21 July 2017 – Professors Sanjay Jain and Frank Stephan, and their collaborators, Wei Li from NUS’ Department of Mathematics, and Professors Cristian Calude and Bakhadyr Khoussainov from the University of Auckland, won the STOC 2017 Best Paper Award for their paper, ‘Deciding Parity Games in Quasipolynomial Time’, at STOC 2017 Theory Fest: the 49th ACM Symposium on the Theory of Computing.
The premier conference in theoretical computer science was held in Montreal, Canada, in mid-June.

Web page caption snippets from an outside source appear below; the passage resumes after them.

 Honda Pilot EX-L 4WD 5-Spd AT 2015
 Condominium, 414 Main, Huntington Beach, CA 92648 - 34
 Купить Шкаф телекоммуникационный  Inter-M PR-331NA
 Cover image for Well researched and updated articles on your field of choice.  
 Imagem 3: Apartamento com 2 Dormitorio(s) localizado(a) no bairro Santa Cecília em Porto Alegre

Speaking on behalf of his collaborators, Prof Stephan said, “The research improved the speed of the best verified algorithm for solving all parity games. A parity game has two players, Anke and Boris. They move alternately in a directed finite graph where every node has a value and each node has at least one edge to a successor node. Furthermore, each node has a number from 1 to m and the infinite play produces an infinite sequence of numbers according to the nodes visited. Now player Anke wins if the largest infinitely often appearing number in this sequence is odd and player Boris wins if that number is even. The research question on this parity games is to find a fast algorithm which determines which player has a winning strategy.”

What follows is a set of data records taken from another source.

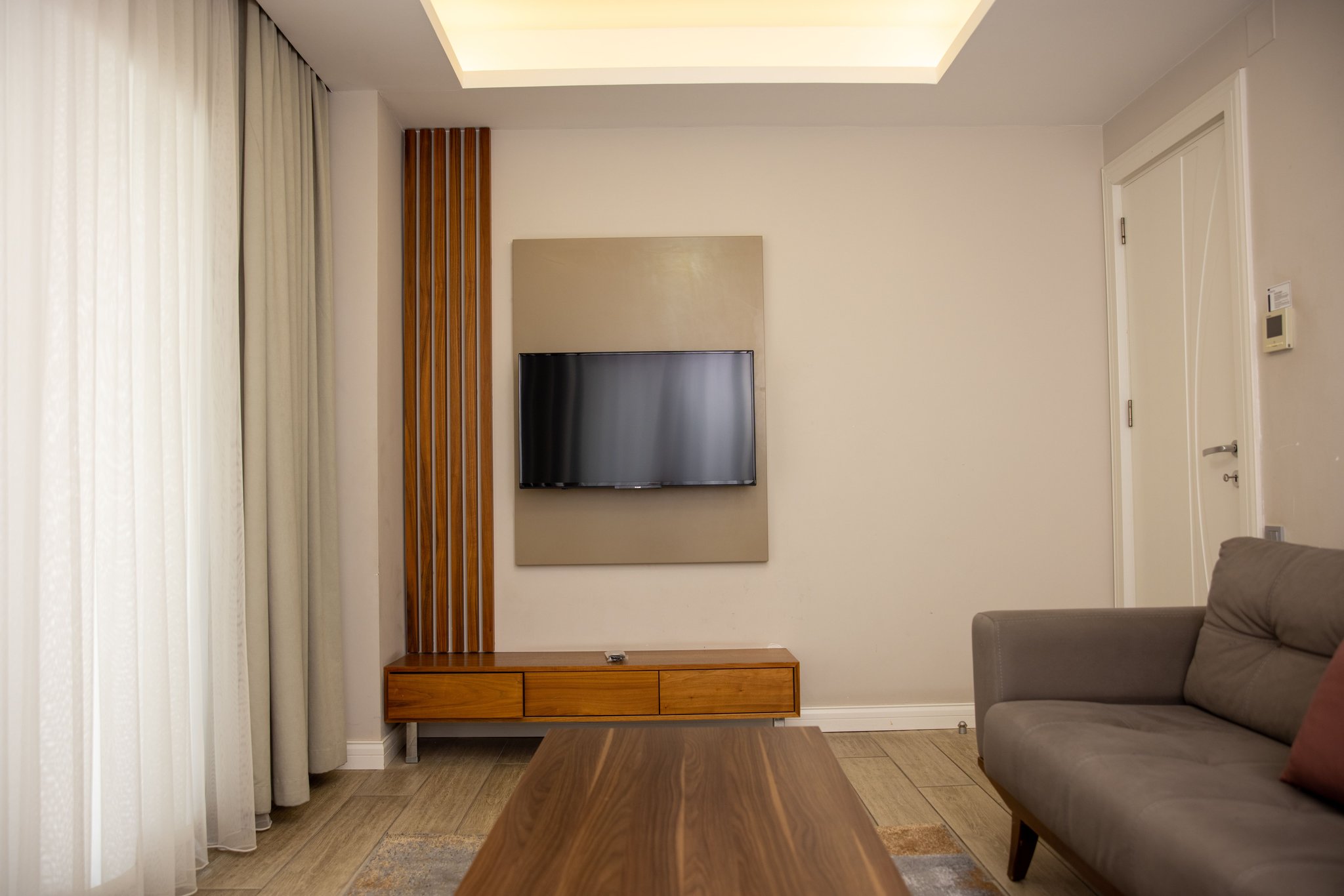 Residence_Suite-05_S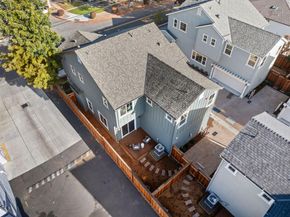4910 Vivi Place, San Jose CA 95124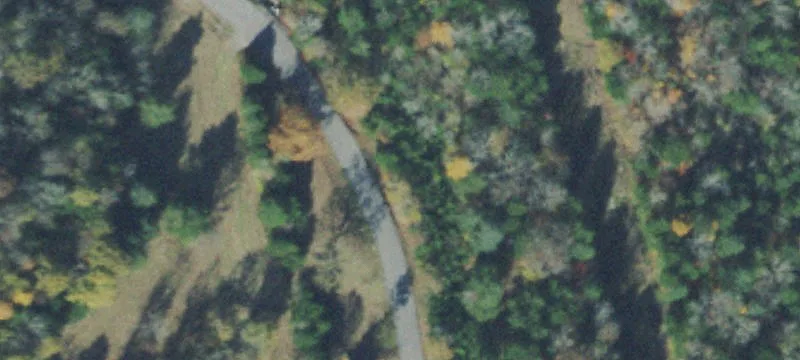 Cumberland Riverfront Acreage For Sale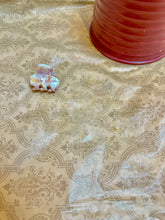 Small Claw Clip
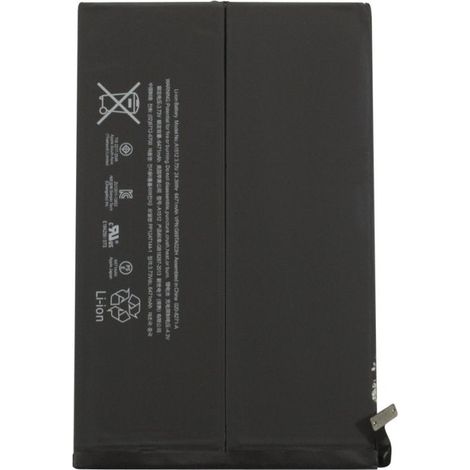 Batteria per iPad Mini Retina 23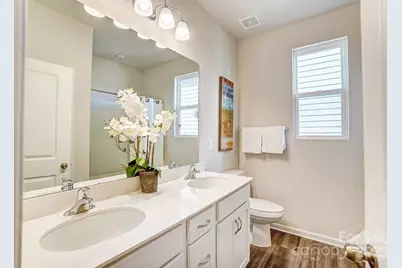 2719 Westmont Drive, Gastonia, NC 28052 - Photo 25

According to Prof Stephan, there was a roughly exponential improvement in the running time of verified algorithms (i.e. of algorithms where it is proven that in all cases they have the promised running time). Some algorithms are faster in many practical relevant instances of parity games, but they also fail to keep their promise and are exponentially slow on other instances of parity games.
“The question whether the current quasipolynomial running time can be brought down to polynomial running time is still an important question and although this paper did not solve this original question, it has contributed a big step forward towards a solution of this question,” said Prof Stephan.
About:
The Annual ACM Symposium on Theory of Computing (STOC), is the flagship conference of SIGACT, the Special Interest Group on Algorithms and Computation Theory, a special interest group of the Association for Computing Machinery (ACM). It has been held annually since 1969, traditionally in May/June.
SIGACT is an international organization that fosters and promotes the discovery and dissemination of high quality research in theoretical computer science (TCS), the formal analysis of efficient computation and computational processes. SIGACT, through its awards program, recognizes individuals who have made significant contributions to the field in research and service. TCS covers a wide variety of topics including algorithms, data structures, computational complexity, parallel and distributed computation, probabilistic computation, quantum computation, automata theory, information theory, cryptography, program semantics and verification, machine learning, computational biology, computational economics, computational geometry, and computational number theory and algebra. Work in this field is often distinguished by its emphasis on mathematical technique and rigor.